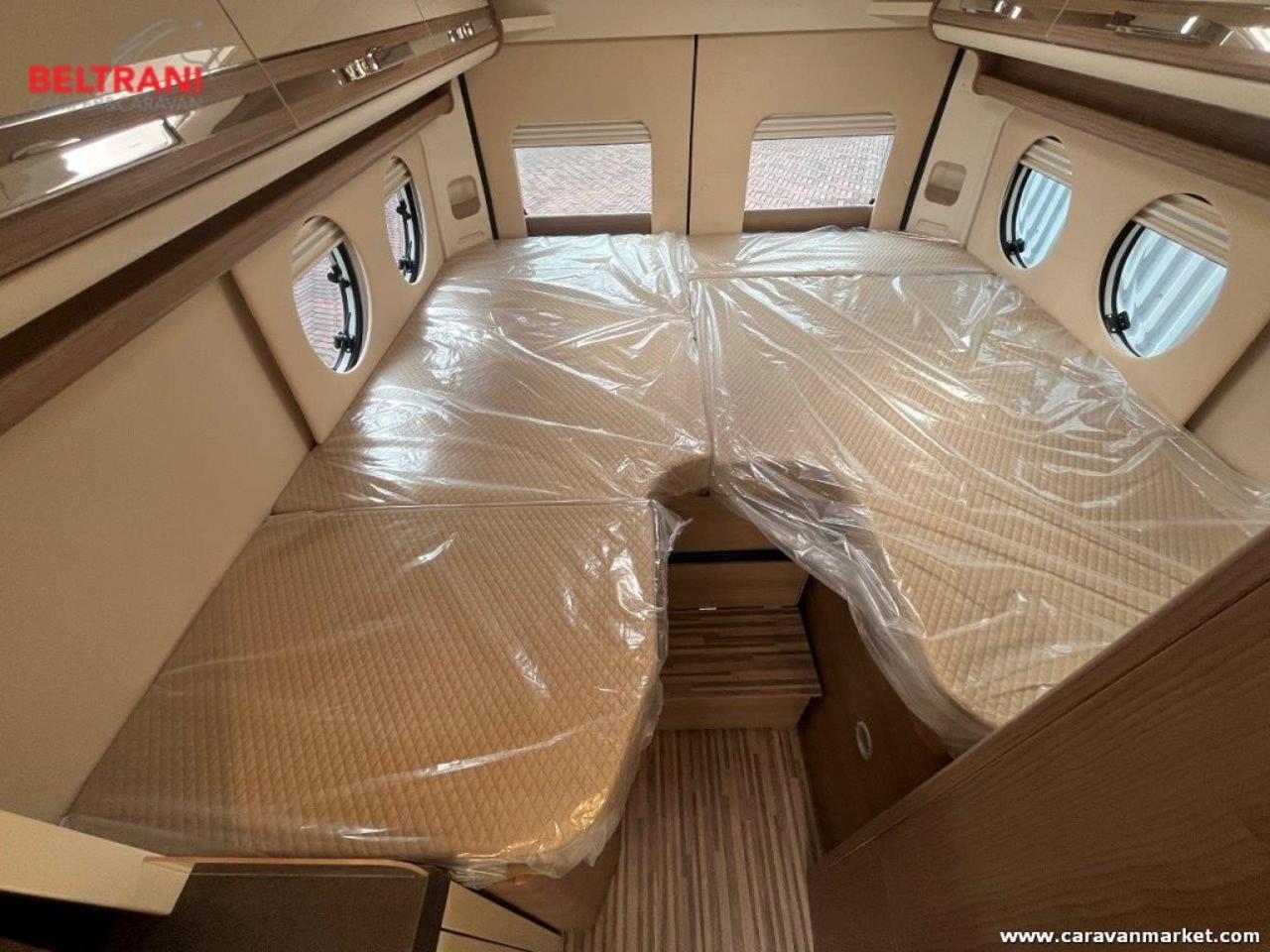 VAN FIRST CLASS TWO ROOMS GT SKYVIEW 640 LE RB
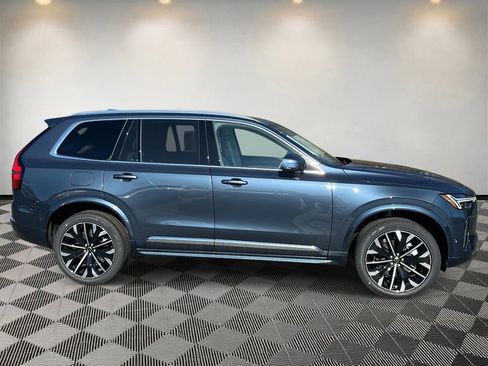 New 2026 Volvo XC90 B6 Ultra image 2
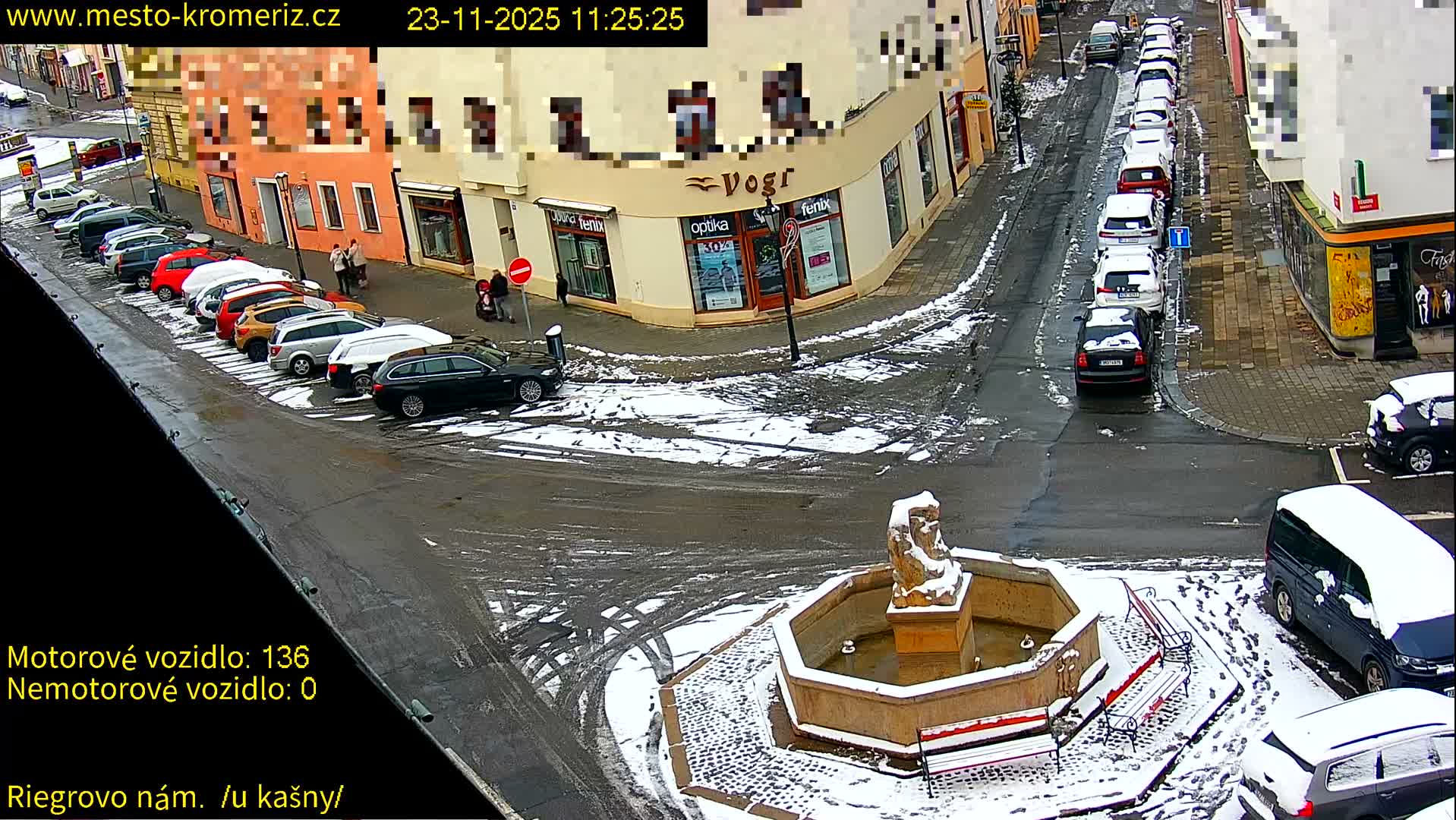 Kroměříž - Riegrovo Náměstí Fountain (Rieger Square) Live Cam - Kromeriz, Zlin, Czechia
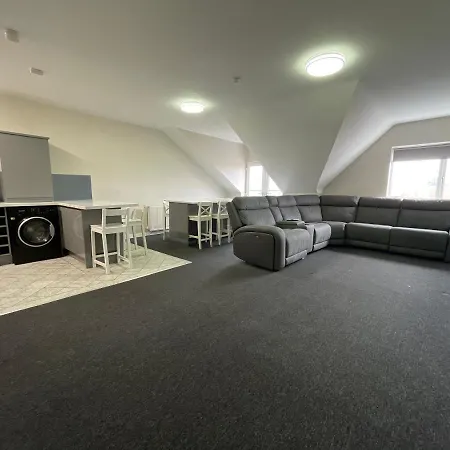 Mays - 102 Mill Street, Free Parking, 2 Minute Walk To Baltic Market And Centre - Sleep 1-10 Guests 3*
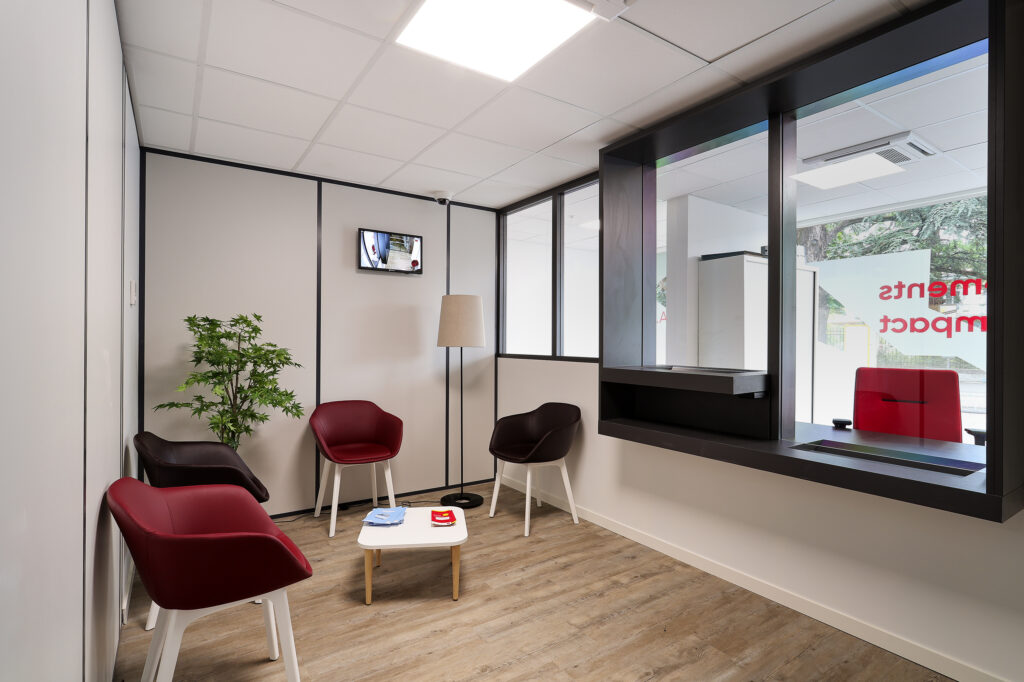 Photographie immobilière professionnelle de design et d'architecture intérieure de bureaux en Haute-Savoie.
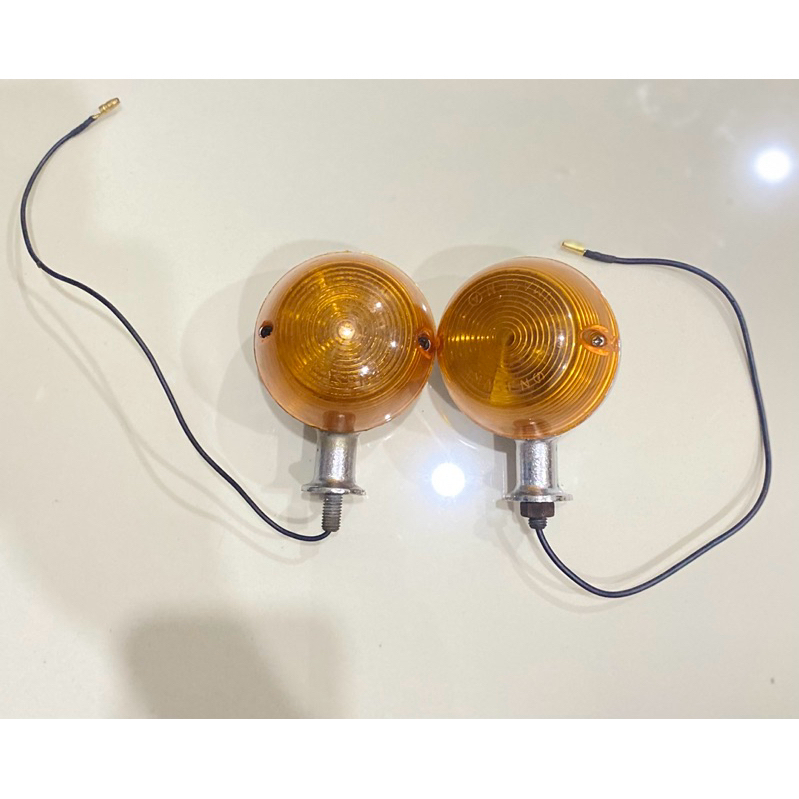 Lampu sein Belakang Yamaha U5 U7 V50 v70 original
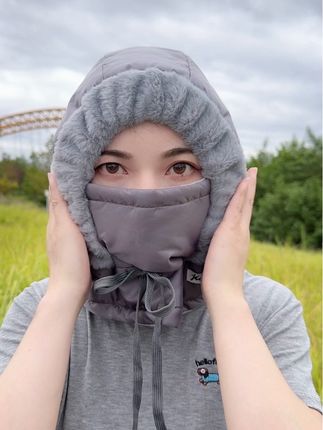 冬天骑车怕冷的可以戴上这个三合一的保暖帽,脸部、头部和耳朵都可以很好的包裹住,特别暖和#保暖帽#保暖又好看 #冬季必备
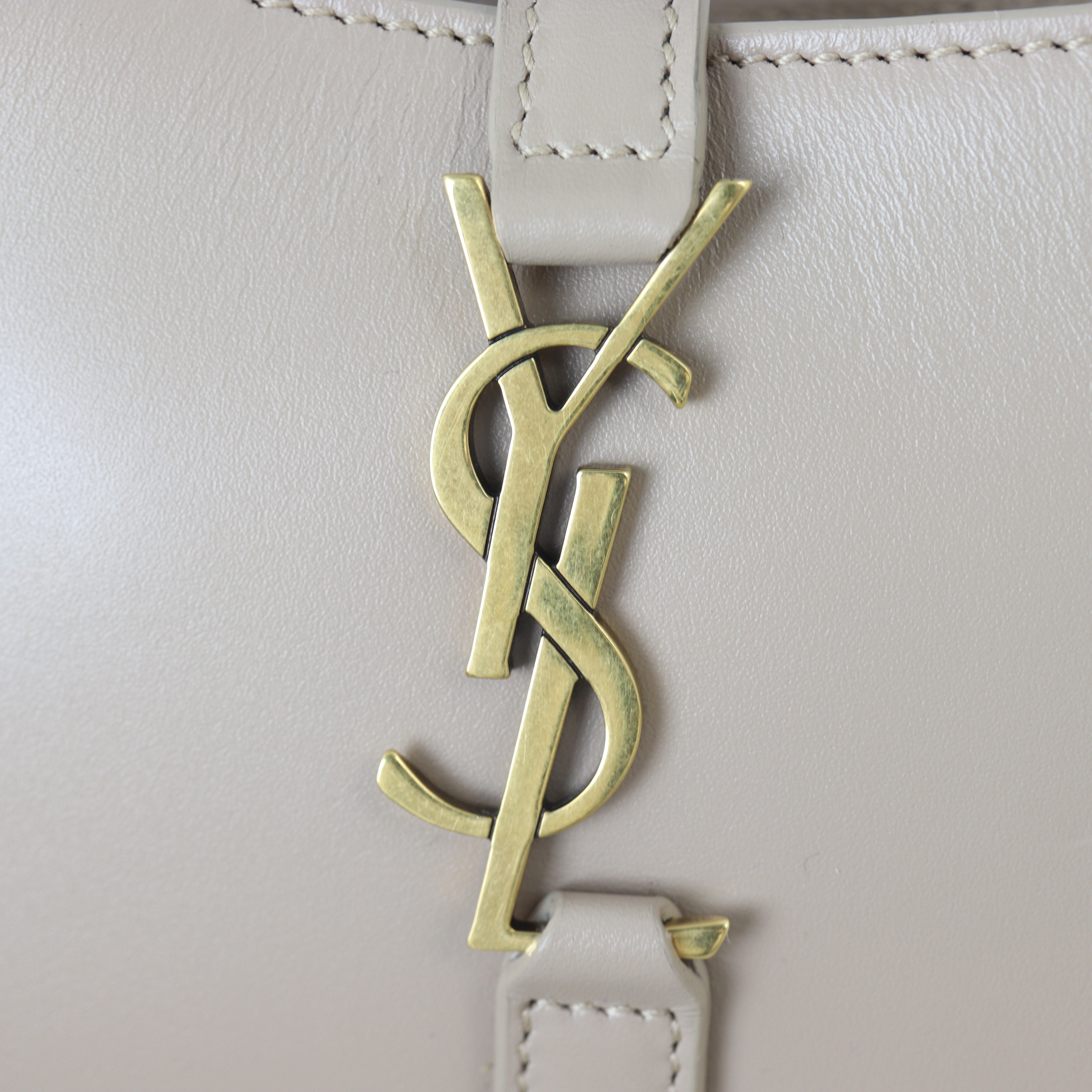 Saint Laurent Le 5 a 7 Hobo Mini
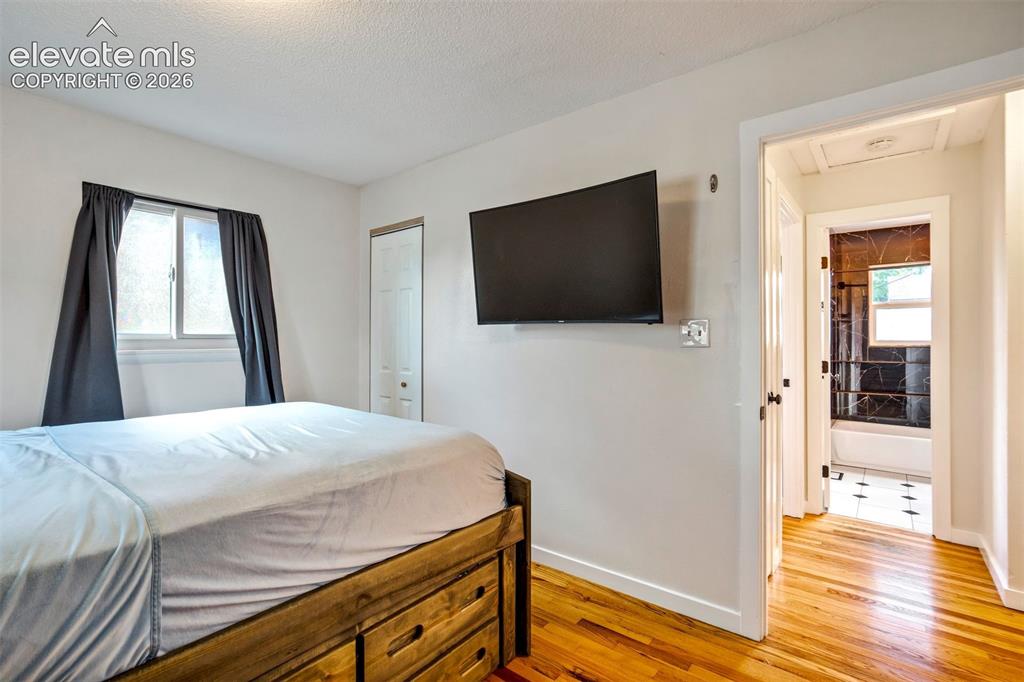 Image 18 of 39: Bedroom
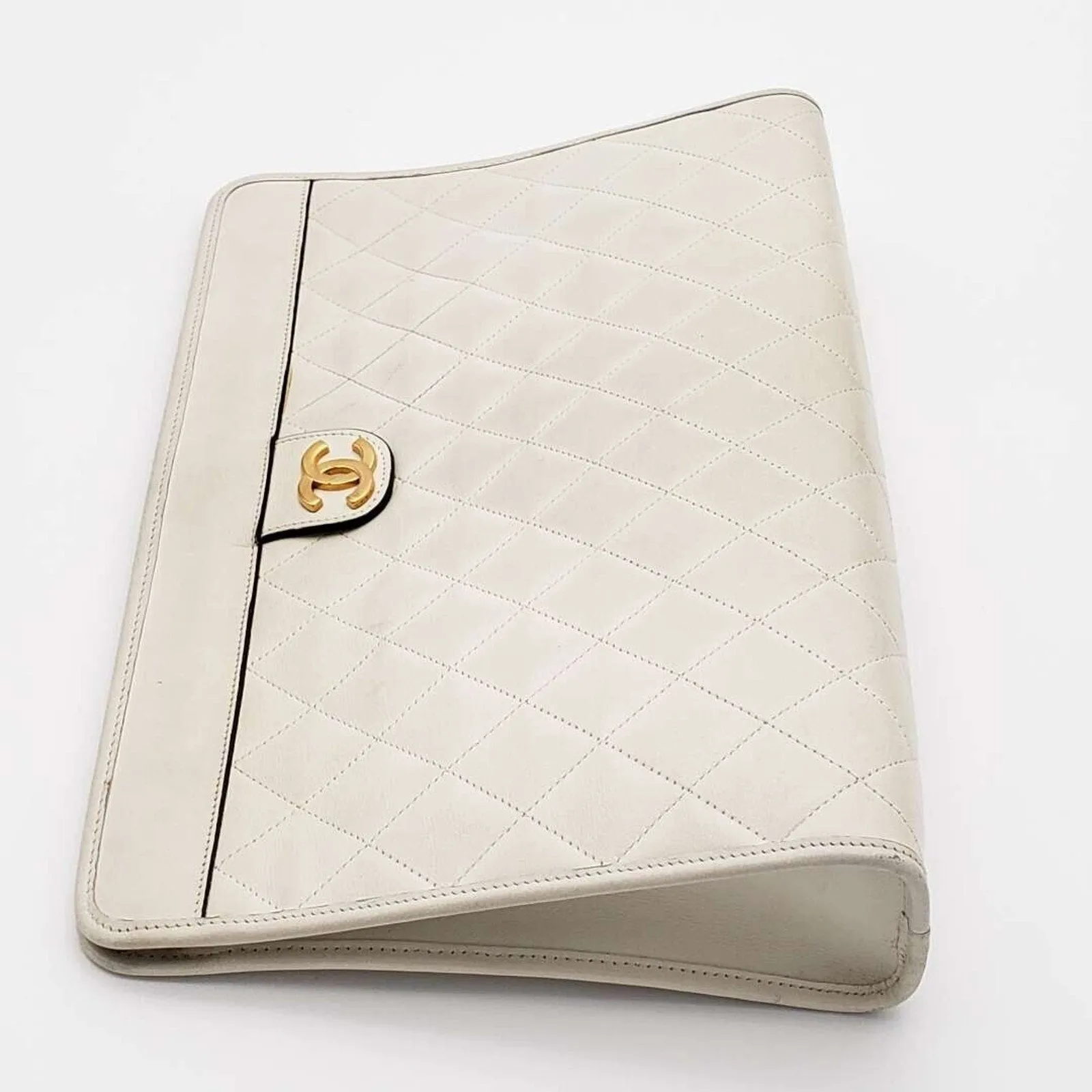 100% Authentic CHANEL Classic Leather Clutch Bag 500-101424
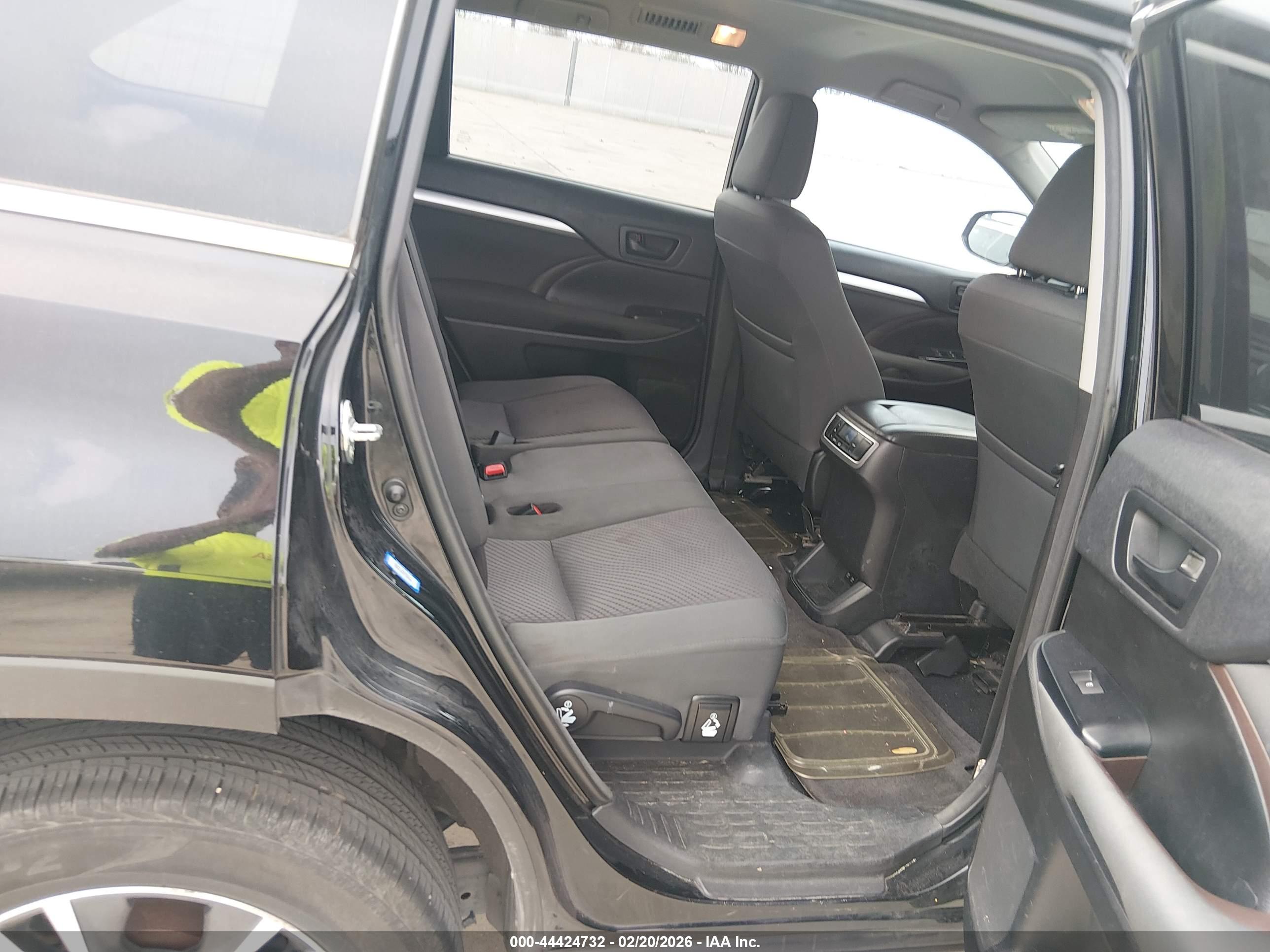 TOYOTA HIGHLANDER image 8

=======

For every line above, produce an exact transcription that omits the images.

:: Reply to the task ::
 VAN FIRST CLASS TWO ROOMS GT SKYVIEW 640 LE RB
 New 2026 Volvo XC90 B6 Ultra image 2
 Kroměříž - Riegrovo Náměstí Fountain (Rieger Square) Live Cam - Kromeriz, Zlin, Czechia
 Mays - 102 Mill Street, Free Parking, 2 Minute Walk To Baltic Market And Centre - Sleep 1-10 Guests 3*
 Photographie immobilière professionnelle de design et d'architecture intérieure de bureaux en Haute-Savoie.
 Lampu sein Belakang Yamaha U5 U7 V50 v70 original
 冬天骑车怕冷的可以戴上这个三合一的保暖帽,脸部、头部和耳朵都可以很好的包裹住,特别暖和#保暖帽#保暖又好看 #冬季必备
 Saint Laurent Le 5 a 7 Hobo Mini
 Image 18 of 39: Bedroom
 100% Authentic CHANEL Classic Leather Clutch Bag 500-101424
 TOYOTA HIGHLANDER image 8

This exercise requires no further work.